■ **ABOUT THIS TASK**
Where a picture appears, leave it out, and transcribe all the lines below exactly.

Scraped caption text data

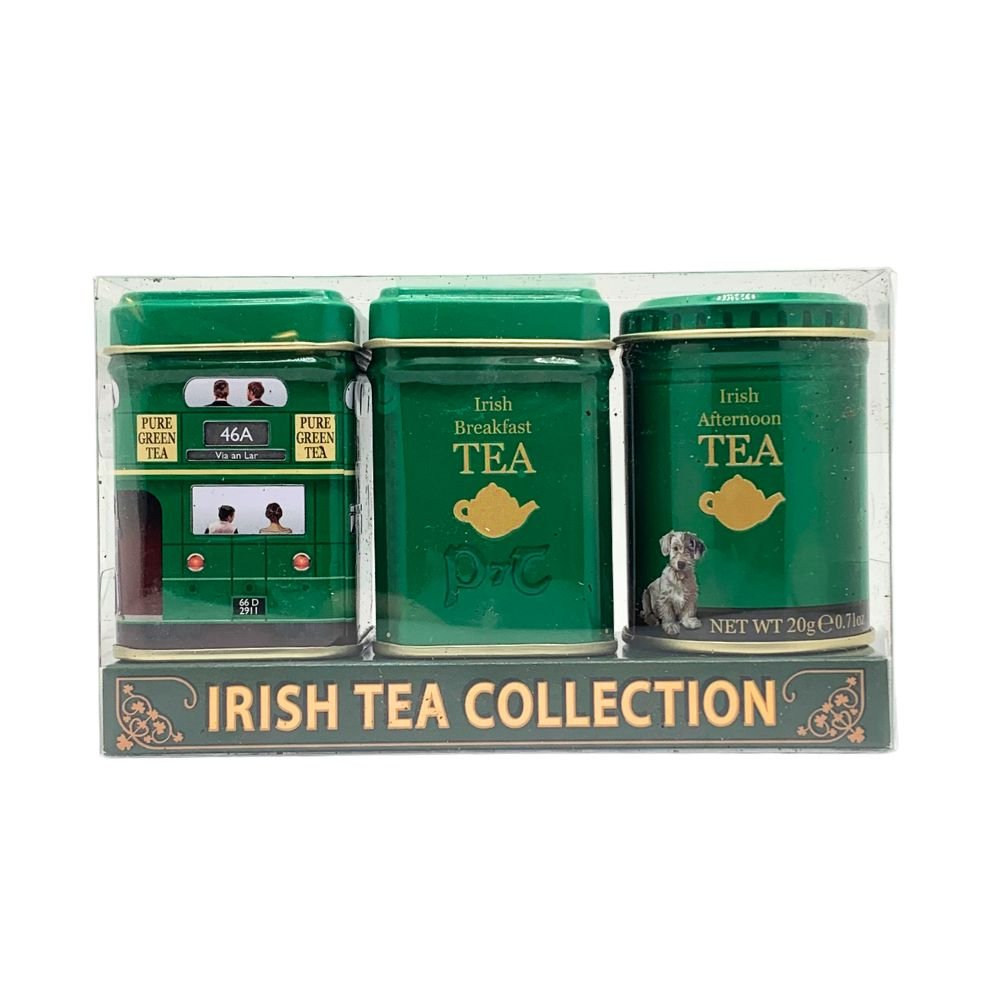 Connemara Kitchen Model Design Set of 3 Tea Tins - The Celtic Gift Store - Food - Teas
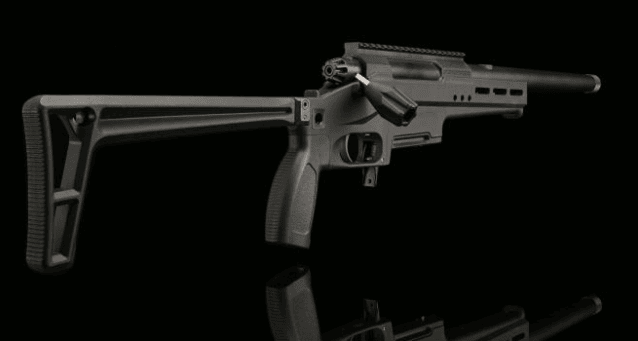 Silverback TAC-41 Lite Sport (Black) Airsoft Sniper Rifle. - All Airsoft Snipers - view 3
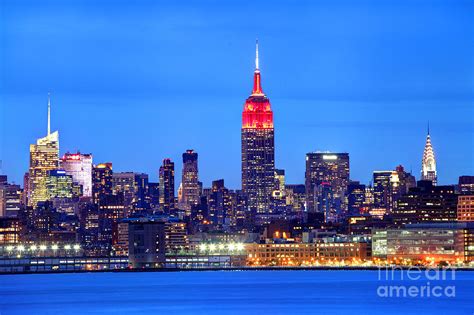 New York City Skyline Photograph By Denis Tangney Jr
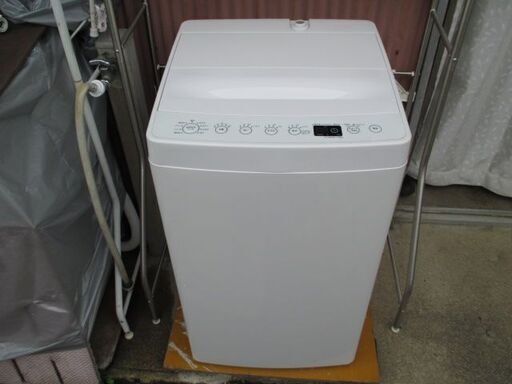 2020年製造 ハイアール4.5K洗濯機 | monsterdog.com.br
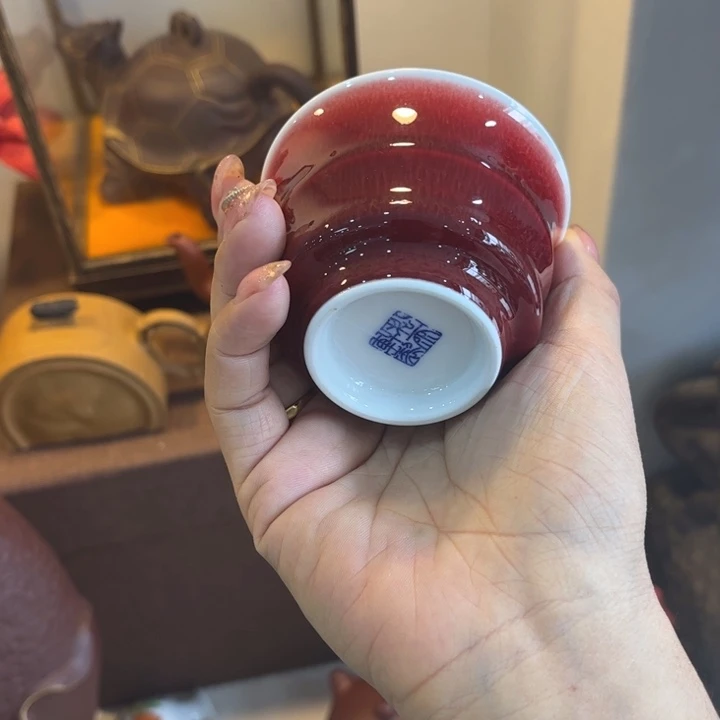 j***余紫砂茶宠特惠主人杯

■ **PROBLEM SOLUTION**
 Connemara Kitchen Model Design Set of 3 Tea Tins - The Celtic Gift Store - Food - Teas
 Silverback TAC-41 Lite Sport (Black) Airsoft Sniper Rifle. - All Airsoft Snipers - view 3
 New York City Skyline Photograph By Denis Tangney Jr
 2020年製造 ハイアール4.5K洗濯機 | monsterdog.com.br
 j***余紫砂茶宠特惠主人杯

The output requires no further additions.